A minor correction in English improvement is possible

Author Response

See attached

Author Response File: Author Response.pdf

Reviewer 2 Report

Comments and Suggestions for Authors

The authors examine the acute effects of 10 shots and 10 headers in adult recreational footballers, comparing linear and nonlinear postural-control metrics alongside the TMS cortical silent period (cSP). The main findings are that, after heading, the anterior–posterior Complexity Index (CI-AP) decreases, RMS-AP and COPx shift increase, and cSP lengthens (some effects are marginal or only significant in pairwise tests).
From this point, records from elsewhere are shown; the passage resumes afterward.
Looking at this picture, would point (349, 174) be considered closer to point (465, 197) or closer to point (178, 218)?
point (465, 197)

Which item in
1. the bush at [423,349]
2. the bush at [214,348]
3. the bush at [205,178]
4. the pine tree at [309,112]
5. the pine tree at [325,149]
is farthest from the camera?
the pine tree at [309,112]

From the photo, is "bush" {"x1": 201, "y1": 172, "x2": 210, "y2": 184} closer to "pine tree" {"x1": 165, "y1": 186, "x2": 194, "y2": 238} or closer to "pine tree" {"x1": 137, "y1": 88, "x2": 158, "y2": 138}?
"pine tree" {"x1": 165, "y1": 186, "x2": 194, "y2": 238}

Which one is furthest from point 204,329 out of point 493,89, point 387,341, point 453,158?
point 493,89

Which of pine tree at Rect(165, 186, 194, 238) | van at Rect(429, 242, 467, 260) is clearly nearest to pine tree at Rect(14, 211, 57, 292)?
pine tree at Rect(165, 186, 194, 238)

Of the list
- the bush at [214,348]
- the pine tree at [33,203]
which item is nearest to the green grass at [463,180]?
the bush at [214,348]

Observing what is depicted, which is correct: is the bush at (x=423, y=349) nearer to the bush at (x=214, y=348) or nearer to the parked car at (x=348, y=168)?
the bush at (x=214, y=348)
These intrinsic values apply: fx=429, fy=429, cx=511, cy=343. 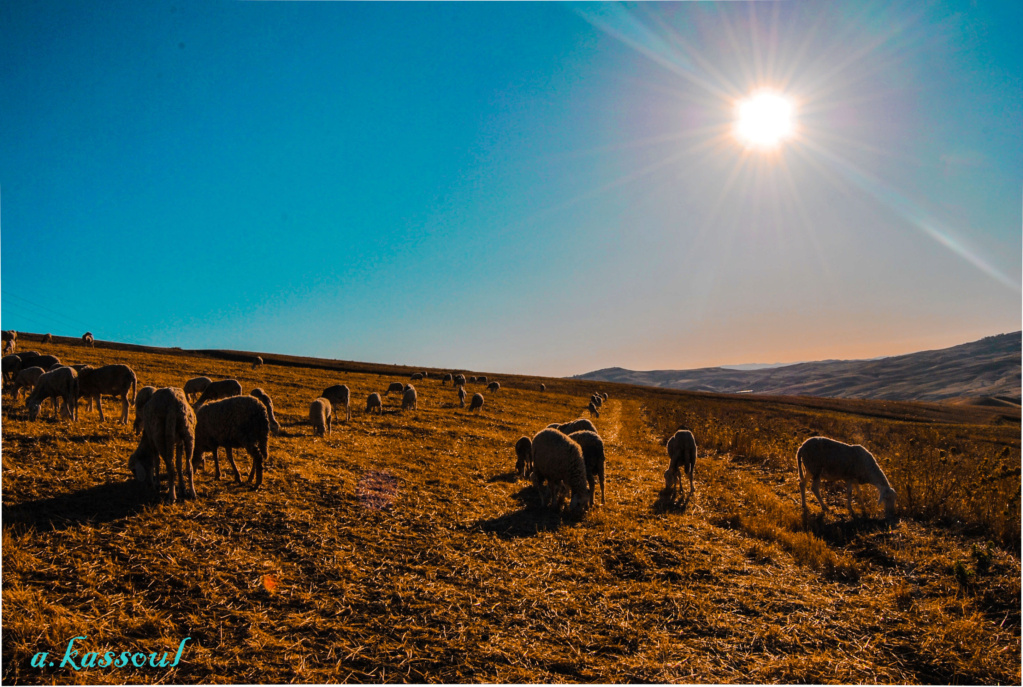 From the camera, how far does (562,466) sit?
36.6ft

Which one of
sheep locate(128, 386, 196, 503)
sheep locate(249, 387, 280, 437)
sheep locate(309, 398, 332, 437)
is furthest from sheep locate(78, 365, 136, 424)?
sheep locate(128, 386, 196, 503)

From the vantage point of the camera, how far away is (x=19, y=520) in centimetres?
704

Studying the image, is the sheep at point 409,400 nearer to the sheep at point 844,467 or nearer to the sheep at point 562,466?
the sheep at point 562,466

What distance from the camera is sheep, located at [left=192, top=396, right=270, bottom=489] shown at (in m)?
10.1

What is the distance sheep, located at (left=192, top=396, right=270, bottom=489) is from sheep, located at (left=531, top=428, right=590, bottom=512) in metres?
6.83

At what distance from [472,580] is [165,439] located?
682cm

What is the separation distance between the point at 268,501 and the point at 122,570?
317 centimetres

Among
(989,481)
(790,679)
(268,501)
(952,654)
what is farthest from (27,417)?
(989,481)

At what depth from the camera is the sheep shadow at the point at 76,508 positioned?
6.97 m

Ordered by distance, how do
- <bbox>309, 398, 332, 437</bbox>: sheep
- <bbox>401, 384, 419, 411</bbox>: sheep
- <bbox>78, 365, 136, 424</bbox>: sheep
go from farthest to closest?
1. <bbox>401, 384, 419, 411</bbox>: sheep
2. <bbox>309, 398, 332, 437</bbox>: sheep
3. <bbox>78, 365, 136, 424</bbox>: sheep

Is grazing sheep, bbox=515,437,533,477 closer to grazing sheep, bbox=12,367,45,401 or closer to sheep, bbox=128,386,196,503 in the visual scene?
sheep, bbox=128,386,196,503

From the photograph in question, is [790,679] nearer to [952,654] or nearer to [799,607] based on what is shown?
[799,607]

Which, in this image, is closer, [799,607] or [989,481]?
[799,607]

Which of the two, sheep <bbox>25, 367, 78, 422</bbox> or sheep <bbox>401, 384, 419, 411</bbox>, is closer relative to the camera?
sheep <bbox>25, 367, 78, 422</bbox> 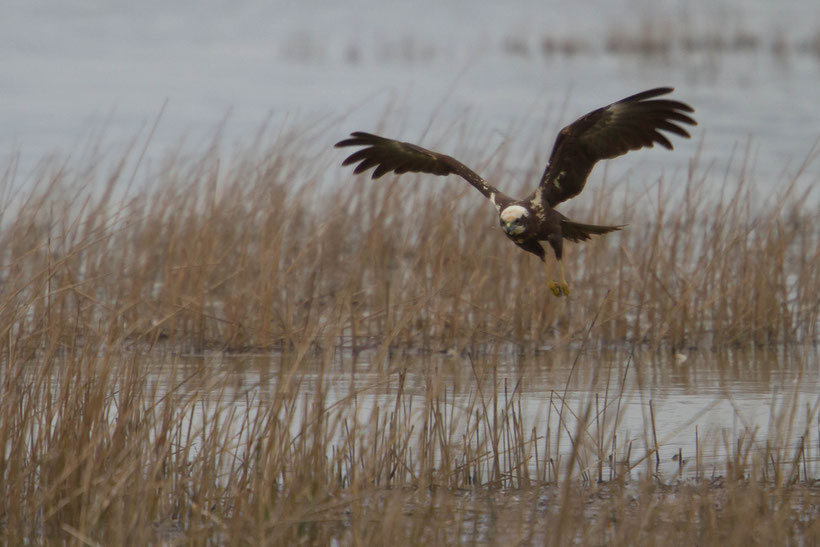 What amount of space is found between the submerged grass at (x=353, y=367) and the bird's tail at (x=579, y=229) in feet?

On this basis, the authors argue that nonlinear complexity measures may be more sensitive to detecting non-concussive head impacts (NCHI).The content of the article is complete and the results are reliable, but there are still some issues that need to be addressed:

  1. The abstract reads unevenly, and the phrase “this exploratory study” is ambiguous—unclear whether it refers to prior work or to the present study. Please revise to make the subject explicit (e.g., “In this exploratory study, we…”).
  2. There is duplicated and inconsistent citation formatting in the same sentence: “(Pearce et al., 2015) (Pearce et al., 2025).” Please verify the years and either merge or remove one of them, and ensure consistent style.
  3. Although the heading technique was standardized by instruction (forward header, no jump), in practice the first participant used a ball-delivery machine while all others received hand-tossed balls. This likely altered the consistency of incoming speed and angle. How did you monitor and ensure technical consistency across participants? Was neck-muscle activation assessed to account for possible differences in effort?
  4. “Kicking” was chosen as a control to match factors other than head impact, yet the experiment used a fixed sequence: baseline → kicking → heading. Could the kicking task itself modify lower-limb proprioception or postural-control strategies and thus interact with the heading condition? Did you consider a more neutral control (e.g., ball-free simulated movement) or analytic adjustments for order effects?
  5. Figure 1 is noticeably blurry. Please replace it with a high-resolution image. Also review all figures and tables for consistent formatting (resolution, font sizes, line widths, color scheme) and standardize them across the manuscript.
  6. You note that only 13 participants were included for various reasons and frame the study as exploratory. A sensitivity analysis is provided to show detectable effect sizes at this sample size, but it is based on repeated-measures ANOVA and paired t-tests, whereas the actual analysis relies on linear mixed models (LMMs). Please discuss this mismatch—ideally supplement with an LMM-appropriate sensitivity/simulation analysis, or explain the rationale and limits of using ANOVA-based estimates.
  7. The study uses several device-specific, multivariate complexity indices (e.g., mMSE-XY). What is their criterion validity relative to the more commonly reported, force-plate–based univariate metrics (e.g., CI-AP) in the academic literature? Can they be directly compared? Please provide supporting references or analyses.
  8. The Methods state that participants completed 60 incongruent Stroop trials with spoken responses, but the Results do not report accuracy, reaction times, or any basic compliance measures. Without these, it’s hard to confirm comparable dual-task load. Please report Stroop performance and consider including it as a covariate or manipulation check.
  9. Please temper the wording of the findings and provide a fuller account of missing data. Given the relatively high proportion of missingness, specify the reasons (equipment issues, non-compliance, artifacts, etc.), describe the presumed missingness mechanism, and explain how it was handled (complete-case analysis, multiple imputation, sensitivity analyses) and how this might affect the conclusions.

Author Response

See attached

Author Response File: Author Response.pdf

Reviewer 3 Report

Comments and Suggestions for Authors

 

The paper investigates whether ten controlled football headers (non-concussive head impacts) produce short-term alterations in postural control and corticospinal inhibition in amateur players. The study uses a within-subject design with three conditions (baseline, kicking, heading), measuring center-of-pressure (COP) parameters and cortical silent period (cSP) via TMS.
Results suggest decreased postural complexity (CI-AP) and increased corticospinal inhibition post-heading, indicating subtle neurophysiological effects of routine heading.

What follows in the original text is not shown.